GOAL OF THE EXERCISE:
Would you please write out only the lines running from the top of the listing through the one holding "Mars Gaming MCQUANTUMW", exactly, with both ends kept and pictures left out?

SUPPLIED MATERIAL:
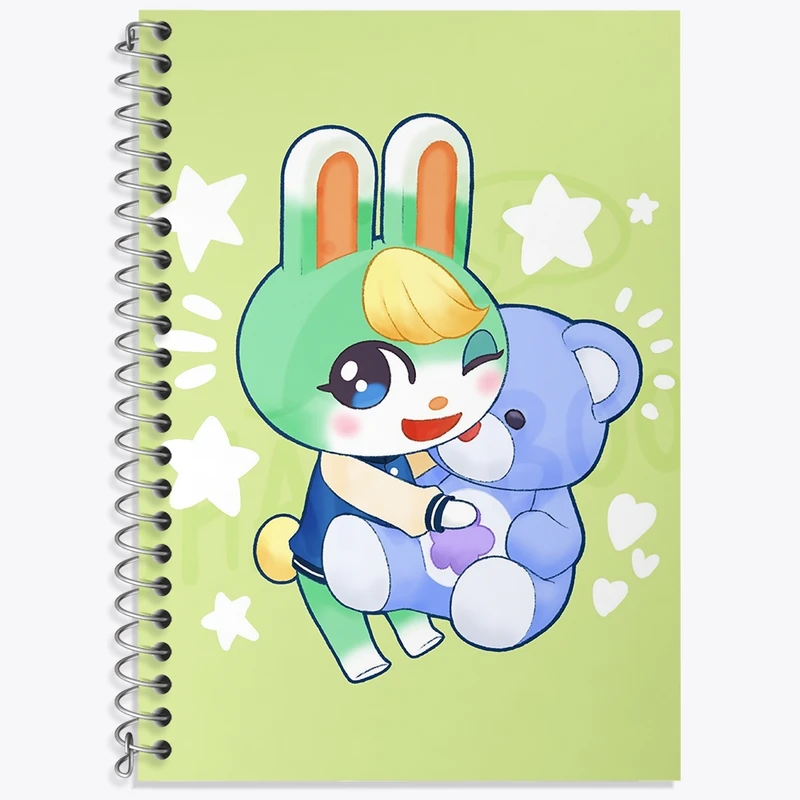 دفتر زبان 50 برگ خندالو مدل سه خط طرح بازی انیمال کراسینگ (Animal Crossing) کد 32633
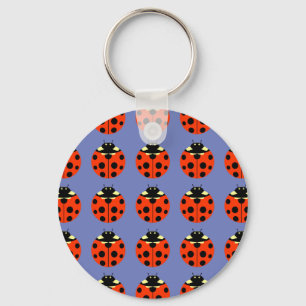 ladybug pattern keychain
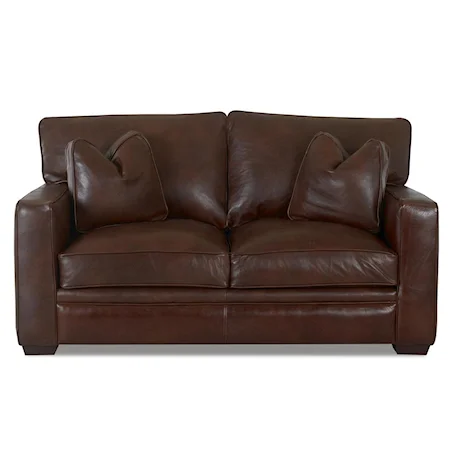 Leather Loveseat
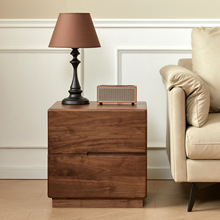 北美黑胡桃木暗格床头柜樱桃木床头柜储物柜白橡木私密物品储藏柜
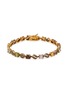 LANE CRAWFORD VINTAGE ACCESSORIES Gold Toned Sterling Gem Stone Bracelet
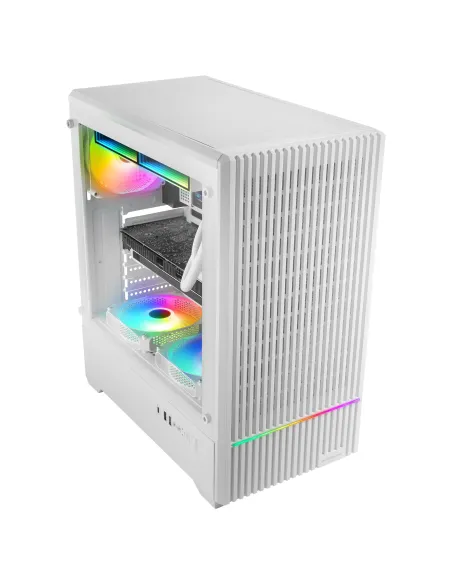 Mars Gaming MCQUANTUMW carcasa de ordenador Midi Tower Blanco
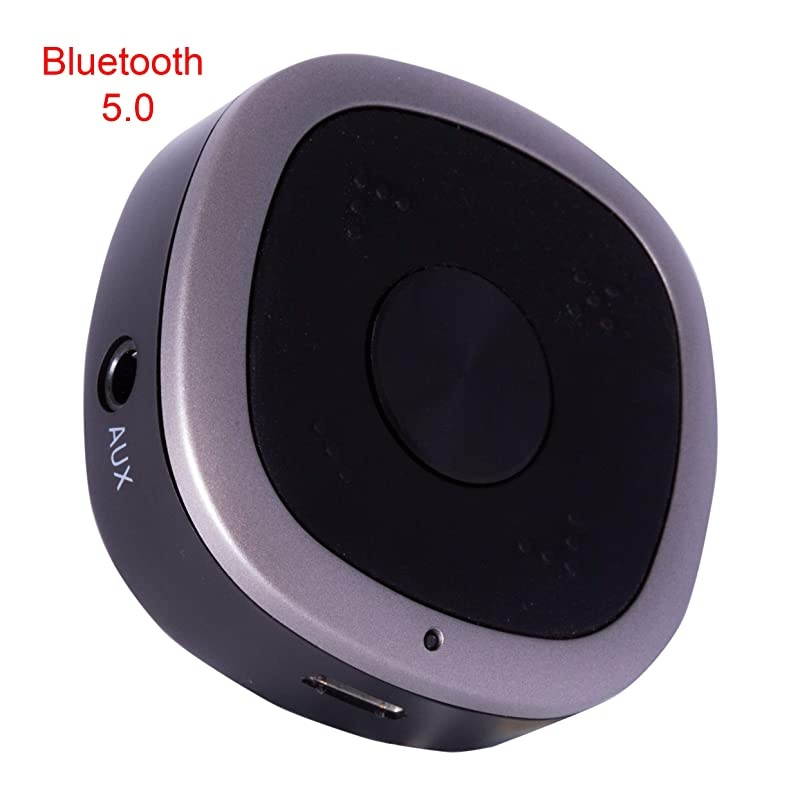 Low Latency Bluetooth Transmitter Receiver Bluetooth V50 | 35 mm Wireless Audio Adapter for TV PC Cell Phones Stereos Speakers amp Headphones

YOUR SOLUTION:
 دفتر زبان 50 برگ خندالو مدل سه خط طرح بازی انیمال کراسینگ (Animal Crossing) کد 32633
 ladybug pattern keychain
 Leather Loveseat
 北美黑胡桃木暗格床头柜樱桃木床头柜储物柜白橡木私密物品储藏柜
 LANE CRAWFORD VINTAGE ACCESSORIES Gold Toned Sterling Gem Stone Bracelet
 Mars Gaming MCQUANTUMW carcasa de ordenador Midi Tower Blanco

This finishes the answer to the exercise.